A Nazi Funeral in London

The extraordinary photo above captured in April 1936, showed the funeral of the German Ambassador Leopold Von Hoesch, with the people clearly giving the Nazi salute on the balcony of the Germany Embassy on Carlton House Terrace, overlooking The Mall. This photo was unearthed for the Discovery Channel programme: ‘Wartime London with Harry Harris’, a London cab driver and historian who has driven a taxi for two decades.

The Grenadier Guards and Nazi soldiers march together down The Pall Mall carrying a swastika-draped coffin; well-liked by most British statesmen, von Hoesch was considered as the best hope for enhancing the Anglo-German relations during the early 1930s. He was a career diplomat but no Nazi; he would even be disturbed by this display of Nazi pageantry at his funeral — he frequently feuded with Hitler over disarmament and vocally denounced Hitler’s invasion of Rhineland. If it were not for this untimely death, it was most likely that he would have been recalled.

Von Hoesch was replaced by his nemesis, Joachim von Ribbentrop, who lasting legacy in London was to transform the German Embassy into a grandiose building that would convey some of the portentous glamour of the Third Reich. The 6-9 Carlton House Terrance, the then embassy within the sight of the Buckingham Palace and the Foreign Office, was renovated with Albert Speer himself flying in from Berlin and designing staircase inside made from Italian marble donated by Mussolini. No. 7 was used as a base to house German military attachés and the headquarters of the Nazi espoinage machine in London.

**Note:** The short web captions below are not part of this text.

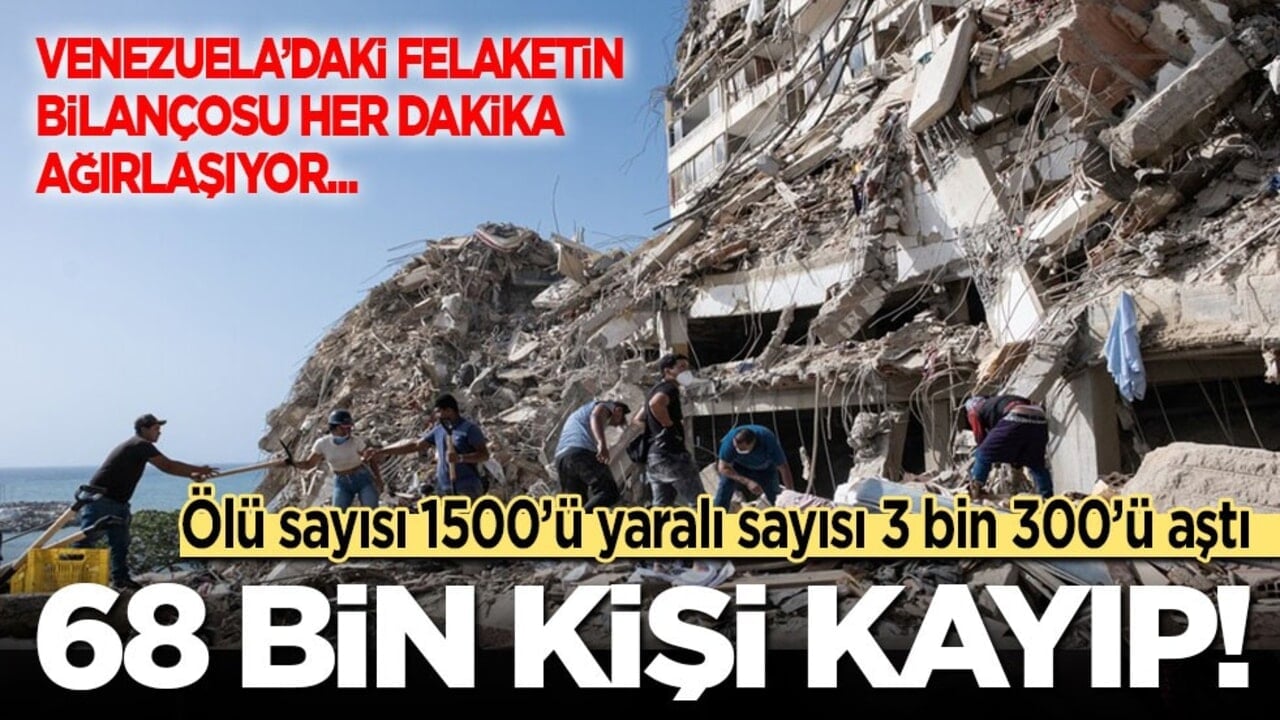 Venezuela'daki felaketin bilançosu her dakika ağırlaşıyor: Ölü sayısı 1500’ü aştı, 68 binden fazla kişi kayıp!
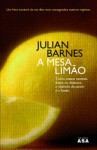 A Mesa Limão - Julian Barnes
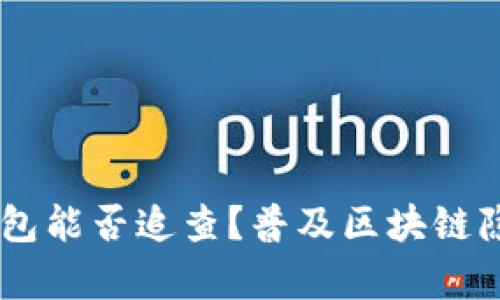 揭秘：imToken钱包能否追查？普及区块链隐私和安全的真相
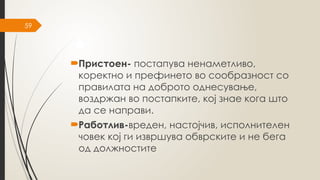 59
Пристоен- постапува ненаметливо,
коректно и префинето во сообразност со
правилата на доброто однесување,
воздржан во постапките, кој знае кога што
да се направи.
Работлив-вреден, настојчив, исполнителен
човек кој ги извршува обврските и не бега
од должностите
 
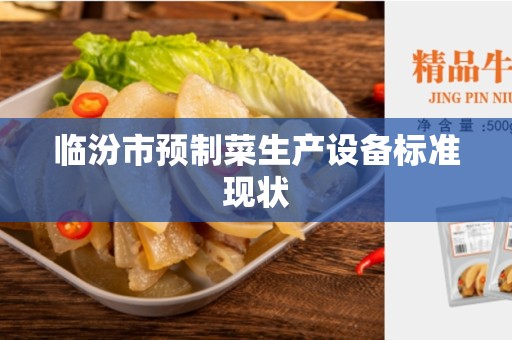 临汾市预制菜生产设备标准现状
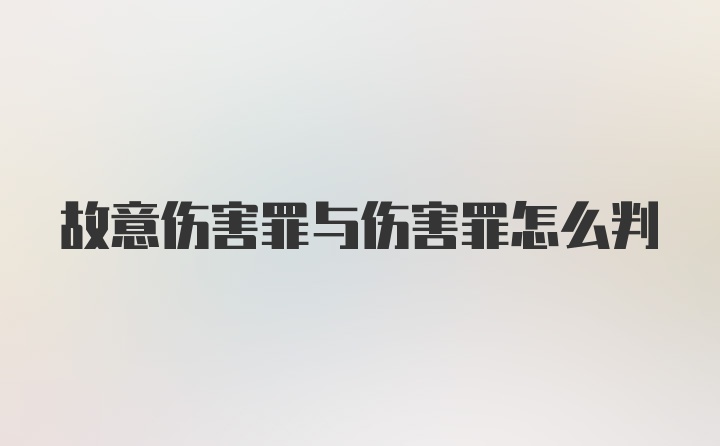 故意伤害罪与伤害罪怎么判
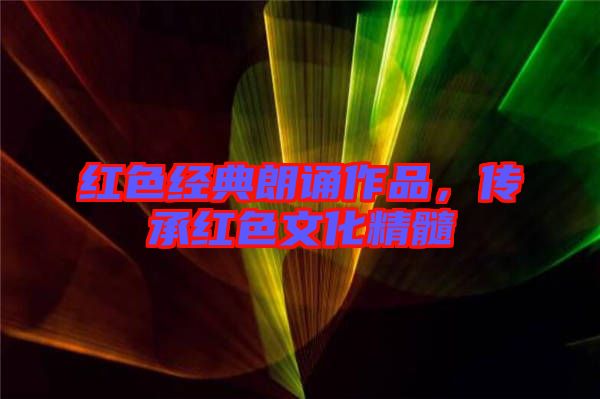 紅色經(jīng)典朗誦作品,傳承紅色文化精髓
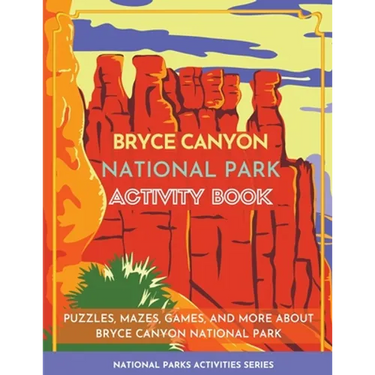 Bryce Canyon National Park Activity Book: Puzzles, Mazes, Games, and More about Bryce Canyon National Park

The Germans were kicked out at the outbreak of war, and the building was stripped of its Nazi fixtures before it was rented to the Royal Society in 1967. There are still signs that this was once a Nazi residence, including the border designs of swastikas on the floor of one public room. A memorial to Giro, von Hoesch’s dog which died in 1934 when he made a fatal connection with an exposed electricity wire, was also buried here. Its grave on the front garden to No 9, with the epitaph “Giro: Ein treuer Begleiter” (“Giro: A true companion”), remains Great Britain’s sole Nazi memorial, situated somewhat inappropriately in an area filled with monuments to heroes of the British Empire.